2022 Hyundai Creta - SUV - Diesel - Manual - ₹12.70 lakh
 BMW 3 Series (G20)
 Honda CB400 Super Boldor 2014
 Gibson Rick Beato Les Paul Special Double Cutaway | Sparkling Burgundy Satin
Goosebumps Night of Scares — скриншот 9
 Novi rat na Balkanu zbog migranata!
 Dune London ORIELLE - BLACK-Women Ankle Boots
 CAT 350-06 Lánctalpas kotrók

■ Problem requirements:
Write the whole listing out again exactly.

■ Exercise result:
2022 Hyundai Creta - SUV - Diesel - Manual - ₹12.70 lakh
 BMW 3 Series (G20)
 Honda CB400 Super Boldor 2014
 Gibson Rick Beato Les Paul Special Double Cutaway | Sparkling Burgundy Satin
Goosebumps Night of Scares — скриншот 9
 Novi rat na Balkanu zbog migranata!
 Dune London ORIELLE - BLACK-Women Ankle Boots
 CAT 350-06 Lánctalpas kotrók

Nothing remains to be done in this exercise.